REQUIREMENT |
Would you please retype, exactly, the lines of the listing below between the line with "20 Baobab Seeds - Image 2" and the line with "Un Chow Chow. Un Chow Chow.", inclusive?

MATERIAL PROVIDED |

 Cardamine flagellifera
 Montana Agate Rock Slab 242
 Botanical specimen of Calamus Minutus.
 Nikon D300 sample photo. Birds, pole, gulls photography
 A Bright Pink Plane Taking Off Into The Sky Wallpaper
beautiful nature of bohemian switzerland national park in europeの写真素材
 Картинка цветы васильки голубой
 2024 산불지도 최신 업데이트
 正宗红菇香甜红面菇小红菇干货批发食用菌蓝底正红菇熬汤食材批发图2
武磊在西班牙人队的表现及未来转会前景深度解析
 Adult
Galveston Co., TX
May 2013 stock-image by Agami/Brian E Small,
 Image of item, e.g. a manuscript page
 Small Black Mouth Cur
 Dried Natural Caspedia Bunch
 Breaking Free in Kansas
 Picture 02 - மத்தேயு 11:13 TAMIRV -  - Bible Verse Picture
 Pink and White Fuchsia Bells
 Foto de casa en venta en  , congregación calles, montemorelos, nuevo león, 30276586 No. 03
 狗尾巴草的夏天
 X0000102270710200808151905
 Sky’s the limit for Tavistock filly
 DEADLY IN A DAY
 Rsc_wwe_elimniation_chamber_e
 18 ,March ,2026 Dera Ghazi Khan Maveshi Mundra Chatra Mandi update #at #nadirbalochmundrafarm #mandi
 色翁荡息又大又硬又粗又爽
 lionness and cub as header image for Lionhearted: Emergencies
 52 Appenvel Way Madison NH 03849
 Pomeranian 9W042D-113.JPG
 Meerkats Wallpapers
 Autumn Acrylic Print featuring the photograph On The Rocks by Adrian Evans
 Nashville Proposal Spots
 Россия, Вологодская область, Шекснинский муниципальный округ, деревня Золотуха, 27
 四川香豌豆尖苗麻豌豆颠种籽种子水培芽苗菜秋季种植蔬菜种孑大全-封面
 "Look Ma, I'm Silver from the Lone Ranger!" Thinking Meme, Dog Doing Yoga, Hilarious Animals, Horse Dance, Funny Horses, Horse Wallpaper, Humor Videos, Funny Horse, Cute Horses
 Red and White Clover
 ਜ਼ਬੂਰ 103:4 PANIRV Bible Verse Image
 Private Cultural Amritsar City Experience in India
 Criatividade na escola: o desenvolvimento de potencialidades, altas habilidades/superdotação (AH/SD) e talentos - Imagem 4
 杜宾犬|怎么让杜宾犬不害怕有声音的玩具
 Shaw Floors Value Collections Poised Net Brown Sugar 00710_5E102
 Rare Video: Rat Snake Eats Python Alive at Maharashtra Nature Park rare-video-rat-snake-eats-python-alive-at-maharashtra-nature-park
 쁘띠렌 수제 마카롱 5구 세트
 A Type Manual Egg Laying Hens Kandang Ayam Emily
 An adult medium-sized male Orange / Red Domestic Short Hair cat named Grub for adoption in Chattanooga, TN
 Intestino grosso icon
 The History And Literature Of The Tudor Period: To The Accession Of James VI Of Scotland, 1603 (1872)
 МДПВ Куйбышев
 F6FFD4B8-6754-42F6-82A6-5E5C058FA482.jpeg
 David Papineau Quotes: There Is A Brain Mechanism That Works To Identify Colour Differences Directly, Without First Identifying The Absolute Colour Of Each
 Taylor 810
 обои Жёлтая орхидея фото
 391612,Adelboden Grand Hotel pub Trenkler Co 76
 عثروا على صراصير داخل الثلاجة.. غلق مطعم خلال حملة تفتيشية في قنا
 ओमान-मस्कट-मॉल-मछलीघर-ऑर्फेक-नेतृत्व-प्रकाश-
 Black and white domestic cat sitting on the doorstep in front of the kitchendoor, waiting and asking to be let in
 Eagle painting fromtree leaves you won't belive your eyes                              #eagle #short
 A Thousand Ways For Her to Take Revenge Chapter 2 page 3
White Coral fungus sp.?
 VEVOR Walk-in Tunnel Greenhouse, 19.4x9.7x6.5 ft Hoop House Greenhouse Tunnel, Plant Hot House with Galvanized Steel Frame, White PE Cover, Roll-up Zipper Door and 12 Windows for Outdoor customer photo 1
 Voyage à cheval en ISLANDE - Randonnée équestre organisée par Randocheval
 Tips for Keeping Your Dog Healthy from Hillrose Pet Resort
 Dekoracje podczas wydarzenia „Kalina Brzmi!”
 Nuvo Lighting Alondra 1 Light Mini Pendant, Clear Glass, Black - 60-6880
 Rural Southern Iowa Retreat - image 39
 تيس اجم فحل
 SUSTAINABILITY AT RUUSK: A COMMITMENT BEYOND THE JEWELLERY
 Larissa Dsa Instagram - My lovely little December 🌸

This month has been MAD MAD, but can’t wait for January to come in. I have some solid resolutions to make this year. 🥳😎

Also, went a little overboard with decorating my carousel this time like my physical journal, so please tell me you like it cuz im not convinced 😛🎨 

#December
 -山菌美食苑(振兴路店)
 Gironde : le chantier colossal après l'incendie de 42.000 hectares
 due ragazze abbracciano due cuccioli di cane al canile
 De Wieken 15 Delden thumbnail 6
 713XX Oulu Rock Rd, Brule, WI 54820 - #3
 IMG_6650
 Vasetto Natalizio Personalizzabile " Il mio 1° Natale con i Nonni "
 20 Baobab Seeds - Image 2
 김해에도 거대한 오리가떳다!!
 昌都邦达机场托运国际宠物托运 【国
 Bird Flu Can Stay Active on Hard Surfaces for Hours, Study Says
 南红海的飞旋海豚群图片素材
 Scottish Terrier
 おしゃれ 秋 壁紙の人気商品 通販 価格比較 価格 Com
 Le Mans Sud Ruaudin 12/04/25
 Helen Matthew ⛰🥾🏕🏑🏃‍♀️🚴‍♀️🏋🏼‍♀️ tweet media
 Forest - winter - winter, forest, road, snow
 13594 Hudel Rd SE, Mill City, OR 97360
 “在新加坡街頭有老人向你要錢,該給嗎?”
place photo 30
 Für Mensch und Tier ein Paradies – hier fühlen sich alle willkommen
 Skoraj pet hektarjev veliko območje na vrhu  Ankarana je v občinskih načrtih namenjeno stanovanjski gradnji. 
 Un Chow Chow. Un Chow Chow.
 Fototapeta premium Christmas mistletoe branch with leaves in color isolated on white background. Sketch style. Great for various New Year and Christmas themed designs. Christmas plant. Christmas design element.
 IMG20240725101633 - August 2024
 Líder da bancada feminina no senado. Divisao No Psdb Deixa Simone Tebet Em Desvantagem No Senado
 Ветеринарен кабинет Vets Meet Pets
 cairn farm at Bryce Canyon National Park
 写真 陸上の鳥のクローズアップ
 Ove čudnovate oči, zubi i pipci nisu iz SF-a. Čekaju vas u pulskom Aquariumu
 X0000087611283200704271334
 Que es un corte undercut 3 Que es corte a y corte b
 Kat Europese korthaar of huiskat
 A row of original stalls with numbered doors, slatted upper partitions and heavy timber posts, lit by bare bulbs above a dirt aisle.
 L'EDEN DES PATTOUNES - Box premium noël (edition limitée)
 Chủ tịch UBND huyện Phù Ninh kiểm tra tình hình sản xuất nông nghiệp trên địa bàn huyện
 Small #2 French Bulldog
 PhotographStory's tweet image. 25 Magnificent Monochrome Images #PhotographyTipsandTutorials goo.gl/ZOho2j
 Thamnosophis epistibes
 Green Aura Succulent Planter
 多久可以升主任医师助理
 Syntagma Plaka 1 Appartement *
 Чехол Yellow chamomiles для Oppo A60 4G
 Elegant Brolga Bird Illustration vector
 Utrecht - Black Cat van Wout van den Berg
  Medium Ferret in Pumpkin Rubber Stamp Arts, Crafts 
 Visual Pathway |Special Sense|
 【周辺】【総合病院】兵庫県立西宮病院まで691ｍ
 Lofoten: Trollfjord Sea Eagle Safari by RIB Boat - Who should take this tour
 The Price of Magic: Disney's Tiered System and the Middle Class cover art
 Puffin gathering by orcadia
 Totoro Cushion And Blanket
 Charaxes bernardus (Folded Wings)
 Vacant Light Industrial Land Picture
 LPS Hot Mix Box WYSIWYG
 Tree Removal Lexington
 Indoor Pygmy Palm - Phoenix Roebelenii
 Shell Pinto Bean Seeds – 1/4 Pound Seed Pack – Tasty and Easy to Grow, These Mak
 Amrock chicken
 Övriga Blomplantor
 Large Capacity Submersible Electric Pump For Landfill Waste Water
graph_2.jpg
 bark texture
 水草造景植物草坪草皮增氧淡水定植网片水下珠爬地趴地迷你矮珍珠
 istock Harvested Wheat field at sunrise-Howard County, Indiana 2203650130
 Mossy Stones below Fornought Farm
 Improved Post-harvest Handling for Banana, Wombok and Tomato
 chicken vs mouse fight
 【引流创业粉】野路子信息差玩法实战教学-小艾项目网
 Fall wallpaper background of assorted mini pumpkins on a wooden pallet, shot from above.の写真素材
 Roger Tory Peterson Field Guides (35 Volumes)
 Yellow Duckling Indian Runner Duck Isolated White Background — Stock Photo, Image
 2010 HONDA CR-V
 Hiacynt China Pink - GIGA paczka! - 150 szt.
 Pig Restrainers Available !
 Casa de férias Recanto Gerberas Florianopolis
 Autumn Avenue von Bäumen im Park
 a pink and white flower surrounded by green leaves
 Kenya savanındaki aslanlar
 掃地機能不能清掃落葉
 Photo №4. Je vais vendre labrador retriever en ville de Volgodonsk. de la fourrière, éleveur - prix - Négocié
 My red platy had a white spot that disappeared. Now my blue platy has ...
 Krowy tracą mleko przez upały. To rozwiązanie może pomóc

RESULT |
 20 Baobab Seeds - Image 2
 김해에도 거대한 오리가떳다!!
 昌都邦达机场托运国际宠物托运 【国
 Bird Flu Can Stay Active on Hard Surfaces for Hours, Study Says
 南红海的飞旋海豚群图片素材
 Scottish Terrier
 おしゃれ 秋 壁紙の人気商品 通販 価格比較 価格 Com
 Le Mans Sud Ruaudin 12/04/25
 Helen Matthew ⛰🥾🏕🏑🏃‍♀️🚴‍♀️🏋🏼‍♀️ tweet media
 Forest - winter - winter, forest, road, snow
 13594 Hudel Rd SE, Mill City, OR 97360
 “在新加坡街頭有老人向你要錢,該給嗎?”
place photo 30
 Für Mensch und Tier ein Paradies – hier fühlen sich alle willkommen
 Skoraj pet hektarjev veliko območje na vrhu  Ankarana je v občinskih načrtih namenjeno stanovanjski gradnji. 
 Un Chow Chow. Un Chow Chow.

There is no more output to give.